TASK: Only the lines from the one containing "Schlüsselkasten mit Motiv" to the end of the records belong in the copy. Reproduce them word for word and drop the pictures.

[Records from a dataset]
----------------
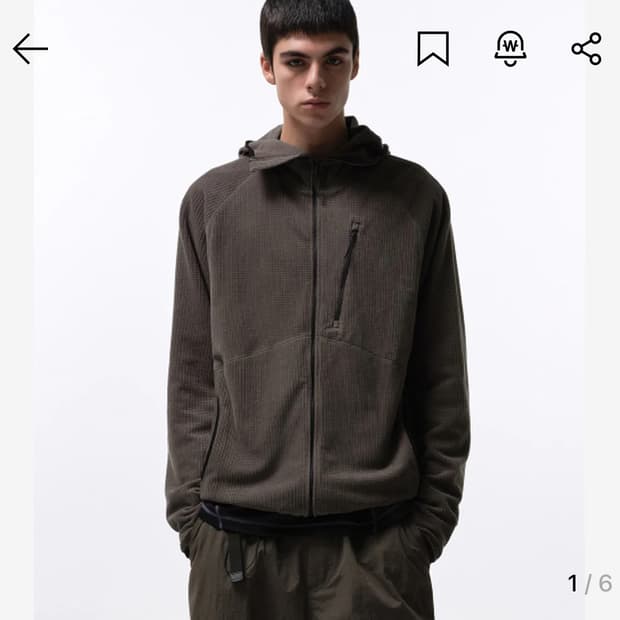 무신사스탠다드 시티레저 플리스 후드집업 머드그레이 M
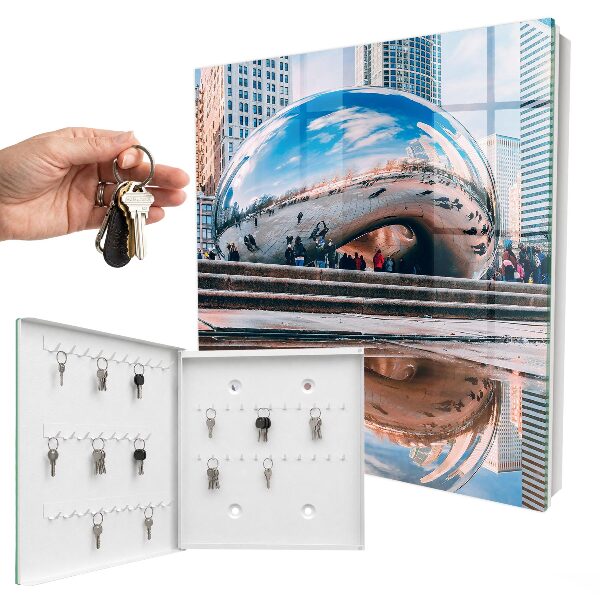 Schlüsselkasten mit Motiv Städtische Spiegelung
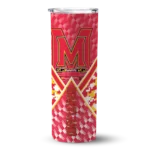 personalized-maryland-terrapins-monogram-burst-red-white-skinny-tumbler-best-selling.webp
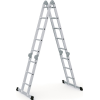Vielzweckleiter Multitec M Alu.Sprossen 2x3+2x5 gekl.H1500xB900xT260mm Holzbelag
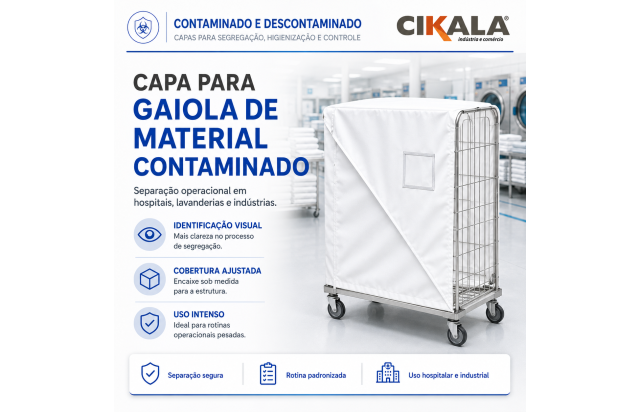 Capa para Gaiola de Material Contaminado com Separação Operacional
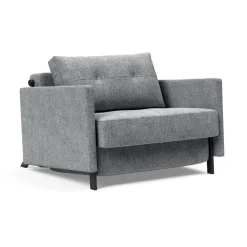 Poltrona letto con braccioli Cubed Arm 90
----------------
EXERCISE RESULT:
 Schlüsselkasten mit Motiv Städtische Spiegelung
 personalized-maryland-terrapins-monogram-burst-red-white-skinny-tumbler-best-selling.webp
Vielzweckleiter Multitec M Alu.Sprossen 2x3+2x5 gekl.H1500xB900xT260mm Holzbelag
 Capa para Gaiola de Material Contaminado com Separação Operacional
 Poltrona letto con braccioli Cubed Arm 90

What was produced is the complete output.